3.37 Response to atomic coordinate perturbations using DFPT for Hessian and phonon calculations

In order to get vibration/phonon frequencies, first we need to get dynamical matrix, Let’s define a lattice vector ${𝐑}_{Im}$ as

$${𝐑}_{Im}={𝐑}_I+{𝐑}_m,$$

(3.133)

whereby ${𝐑}_m$ denotes an arbitrary linear combination of ${𝐚}_1$, ${𝐚}_2$, and ${𝐚}_3$. And the dynamical matrix $D_{IJ}(𝐪)$ is a Fourier transform of harmonic Hessian matrix (Force constant) ${\mathrm{\Phi }}_{Im,J}^{harm}$.

	$D_{IJ}(𝐪)$	$={\displaystyle \frac{1}{\sqrt{M_I{M}_J}}}{\displaystyle \sum _m}{\mathrm{\Phi }}_{Im,J}^{harm}\exp \left(i𝐪\cdot {𝐑}_{𝐦}\right)$
		$={\displaystyle \frac{1}{\sqrt{M_I{M}_J}}}{\displaystyle \sum _m}{\displaystyle \frac{d^2{E}_{KS}}{d{𝐑}_{Im}d{𝐑}_J}}\exp \left(i𝐪\cdot {𝐑}_{𝐦}\right)$		(3.134)

Since the finite ($3N\times 3N$) dynamical matrix $𝐃(𝐪)$ would in principle have to be determined for an infinite number of $𝐪$-points in the Brillouin zone. Its diagonalization would produce a set of $3N$ $𝐪$-dependent eigenfrequencies ${\omega }_{\lambda }(𝐪)$ and -vectors ${𝐞}_{\lambda }(𝐪)$.
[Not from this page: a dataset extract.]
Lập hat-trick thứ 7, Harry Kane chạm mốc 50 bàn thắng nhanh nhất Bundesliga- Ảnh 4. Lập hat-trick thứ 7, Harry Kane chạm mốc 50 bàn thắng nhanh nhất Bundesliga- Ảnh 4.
In order to derive the second order derivatives for total energy analytically (which is the key idea for the DFPT approach), the ground state total energy and force is derived first and we could get this second order derivatives directly. It is should be noted that, here real-space DFPT method is used, so that we could get the real-space force constant directly.

In FHI-aims, the total energy is calculated by using band-energy, a derivation for cluster systems is a following, and the extending to extended systems is straightforward.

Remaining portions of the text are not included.